§ Work task: Your answer should hold only the lines from the one containing "WWF logo above" through the last line below, copied exactly; pictures stay out.

§ Data:
-*-

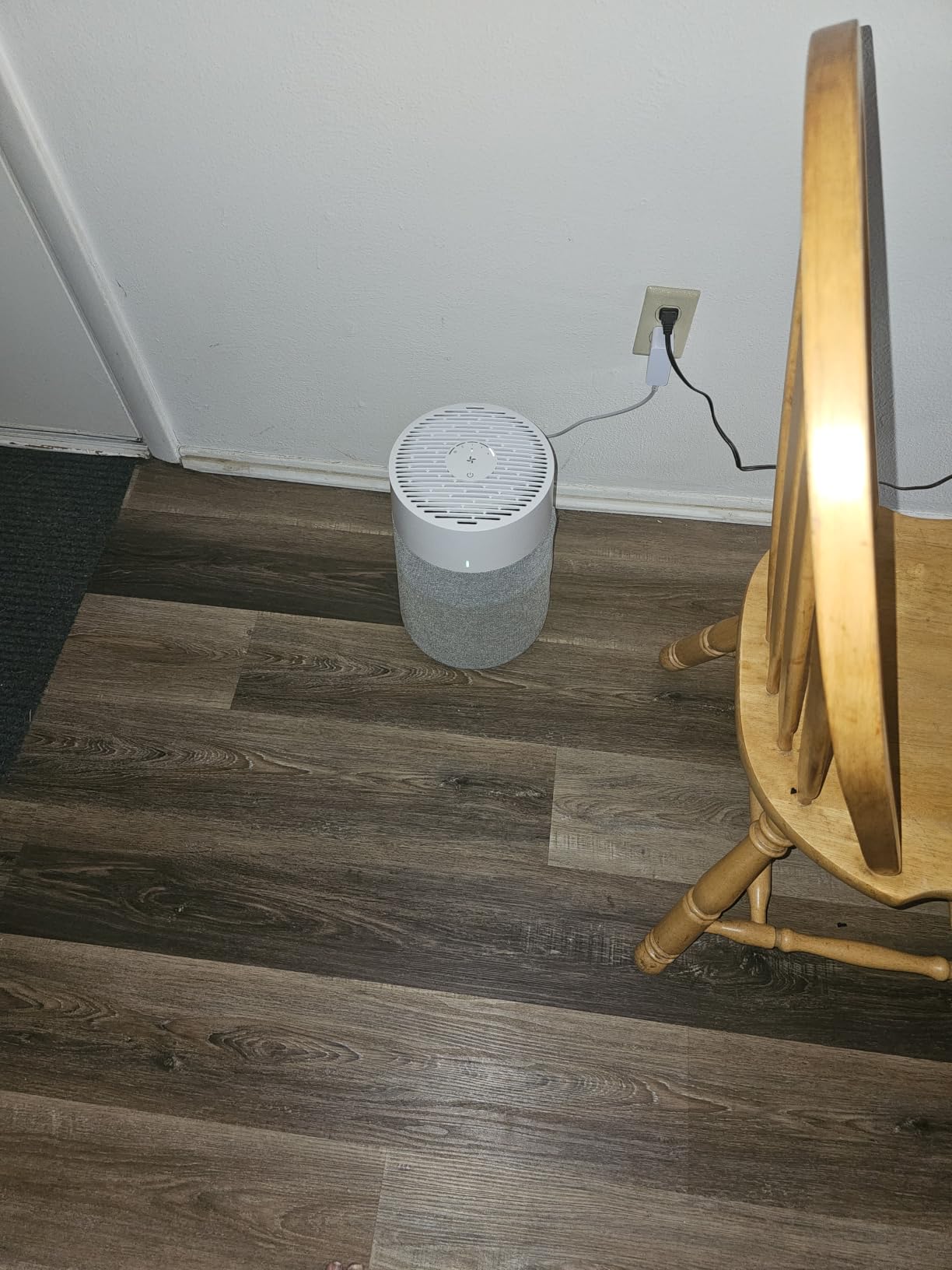 BLUEAIR Blue Pure 511i Max Smart Air Purifier for Bedroom & Small Rooms up to 1,138 Sq Ft, HEPASilent Air Cleaner for Pets, Allergies, Smoke & Dust, Quiet WiFi Air Purifier with Auto Mode customer photo 1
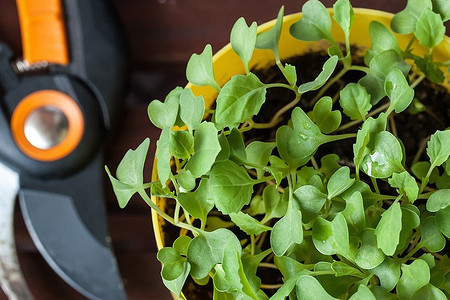 9 дачных дел, которые самое время выполнить в феврале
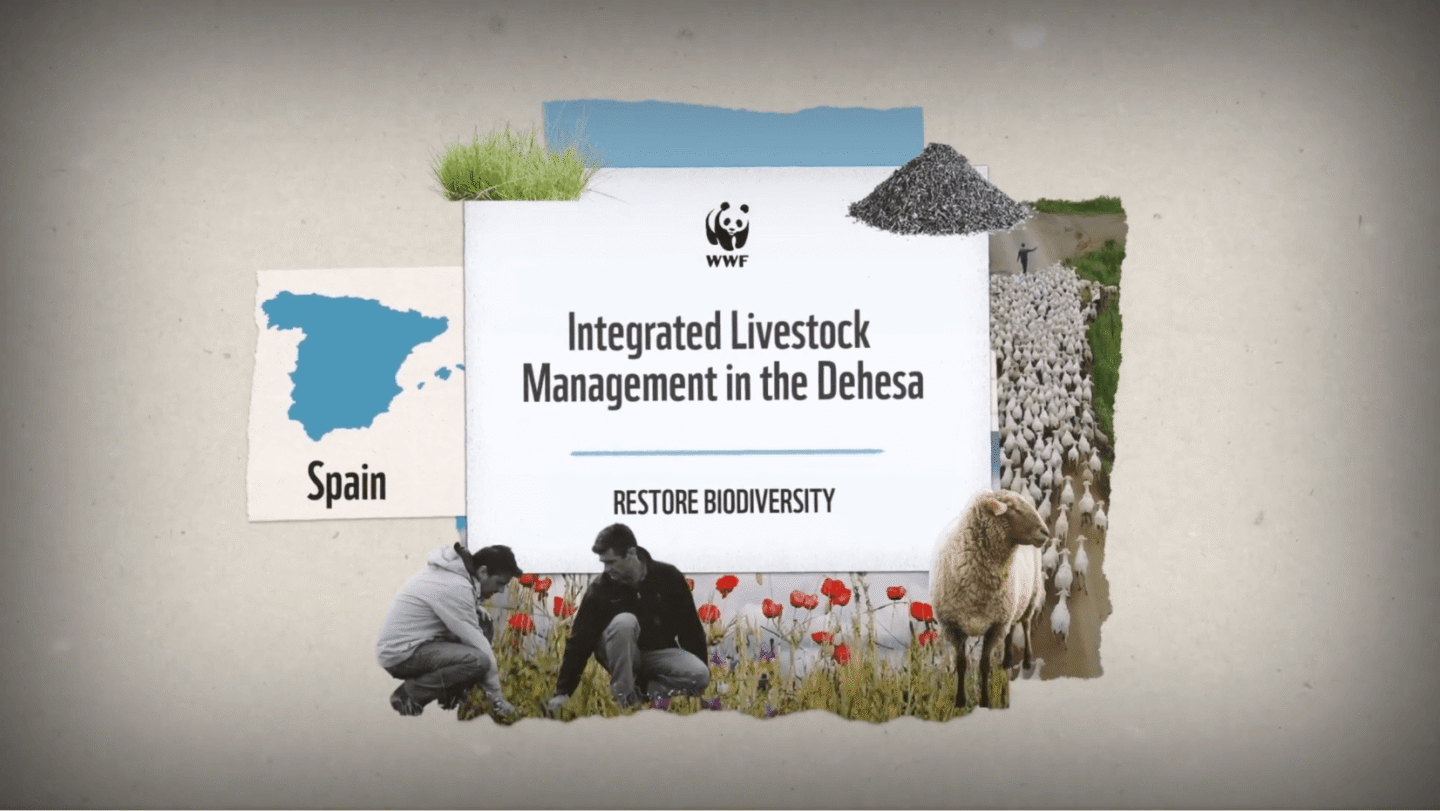 WWF logo above the text "Integrated Livestock Management in the Dehesa" with the subtitle "Restore Biodiversity." To the left, a blue map of Spain labeled "Spain." Below the text, two people crouching among red flowers and grass. To the right, a sheep standing and a herd of sheep being herded along a path. Small images of grass and a pile of gravel are above the main text.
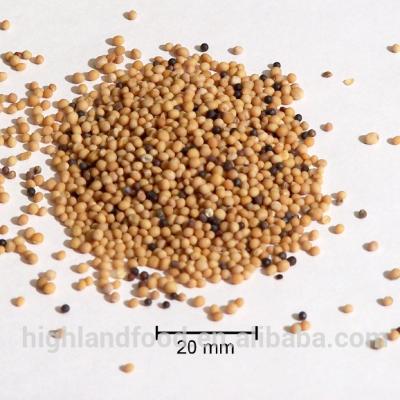 China Cheap dry in price dried dehydrated mustard seed for sale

-*-

§ Task solution:
 WWF logo above the text "Integrated Livestock Management in the Dehesa" with the subtitle "Restore Biodiversity." To the left, a blue map of Spain labeled "Spain." Below the text, two people crouching among red flowers and grass. To the right, a sheep standing and a herd of sheep being herded along a path. Small images of grass and a pile of gravel are above the main text.
 China Cheap dry in price dried dehydrated mustard seed for sale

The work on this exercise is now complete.